**Task**
Down to the last line, repeat the data below exactly.

▶

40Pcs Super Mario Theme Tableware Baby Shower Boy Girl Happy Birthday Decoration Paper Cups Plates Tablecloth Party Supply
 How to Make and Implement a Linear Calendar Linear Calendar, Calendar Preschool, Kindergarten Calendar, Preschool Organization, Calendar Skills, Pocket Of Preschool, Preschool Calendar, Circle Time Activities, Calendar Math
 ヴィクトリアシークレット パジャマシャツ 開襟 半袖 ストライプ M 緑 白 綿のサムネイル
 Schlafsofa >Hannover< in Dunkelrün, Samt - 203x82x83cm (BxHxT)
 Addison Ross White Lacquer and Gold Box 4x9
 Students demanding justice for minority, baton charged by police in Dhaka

◀

**Answer area**
40Pcs Super Mario Theme Tableware Baby Shower Boy Girl Happy Birthday Decoration Paper Cups Plates Tablecloth Party Supply
 How to Make and Implement a Linear Calendar Linear Calendar, Calendar Preschool, Kindergarten Calendar, Preschool Organization, Calendar Skills, Pocket Of Preschool, Preschool Calendar, Circle Time Activities, Calendar Math
 ヴィクトリアシークレット パジャマシャツ 開襟 半袖 ストライプ M 緑 白 綿のサムネイル
 Schlafsofa >Hannover< in Dunkelrün, Samt - 203x82x83cm (BxHxT)
 Addison Ross White Lacquer and Gold Box 4x9
 Students demanding justice for minority, baton charged by police in Dhaka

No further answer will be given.